Capa de “My Year of Rest And Relaxation”

O grande acontecimento é simplesmente dormir. Não há nada de extraordinário nisso, e o que me fascinou em toda a obra foi precisamente a sua aparente banalidade: a personagem não está preocupada em ser alguém nem tenta provar nada a ninguém. Vejo nisso tanto egoísmo como independência e introspeção, mas principalmente uma forma original de aceitação de si próprio como um ser absolutamente banal. Isso é muitas vezes o contrário do que se costuma ver: procuramos sempre ser especiais- sobretudo, que nos vejam como seres especiais-, e nunca nos aceitamos como simplesmente alguém que existe. Nunca nos aceitamos na nossa forma mais natural, na nossa forma adormecida.

A personagem principal desta história é uma mulher de Nova Iorque, rica, bonita, loira, magra e com talento: estudou História de Arte em Columbia, mas, apesar da sua óbvia criatividade, não possui grandes ambições ou pretensões artísticas. Pelo contrário, considerava que muitos dos seus colegas eram extremamente autocentrados. Apesar de tudo, em alguns momentos, as suas reflexões mostram que a Arte é o que a mantém viva: é talvez a única coisa além de si própria que verdadeiramente lhe interessa, além dos filmes e séries em que Whoopi Goldberg é a estrela.

A protagonista fala de si na primeira pessoa e não tem nome. Nem nome nem grandes relações com o mundo exterior: são poucas as pessoas que fazem realmente parte da sua vida, uma vez que perdeu recentemente os dois pais. Apesar de não gostar particularmente deles (e, à primeira vista, dir-se-ia que não gosta particularmente de ninguém), a sua morte provocou nela um vazio.
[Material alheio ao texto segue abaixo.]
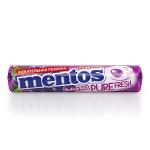 Жевательная резинка Mentos Pure White Виноград, 15,5 г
Tendo-se sempre sentido mal amada por parte da família, decide dormir para atenuar o cansaço e, sobretudo, o tédio de viver.

Além dos pais que perdeu, tem uma amiga, Reva, que vem contrastar com a sua personalidade desprendida, desinteressada, cínica, cáustica e desmotivada. Reva é uma amiga leal, ao ponto de não desistir da amizade nem quando a protagonista lhe diz diretamente que não faz sentido serem amigas. É uma amizade incondicional, baseada na crítica à forma física das celebridades, em reflexões sobre a vida amorosa de ambas, na bulimia de Reva e nas suas idas ao ginásio. Reva é a típica personagem básica, vaidosa, autocentrada, tonta e fútil, mas é impossível o leitor não rir das suas tiradas, assim como não é fácil ignorar o amor que ela sente por todos os que a rodeiam. De todas as personagens, é a única que se importa realmente com a protagonista e o seu bem-estar, a única que se inquieta com a sua falta de interesse pelas coisas do mundo. É, principalmente, fantástico ver a alegria de Reva e o seu amor pelos outros: Reva tem um caso com um homem casado, o seu patrão Ken, e está perdidamente apaixonada. Tem também uma mãe que ama e que está a morrer de cancro.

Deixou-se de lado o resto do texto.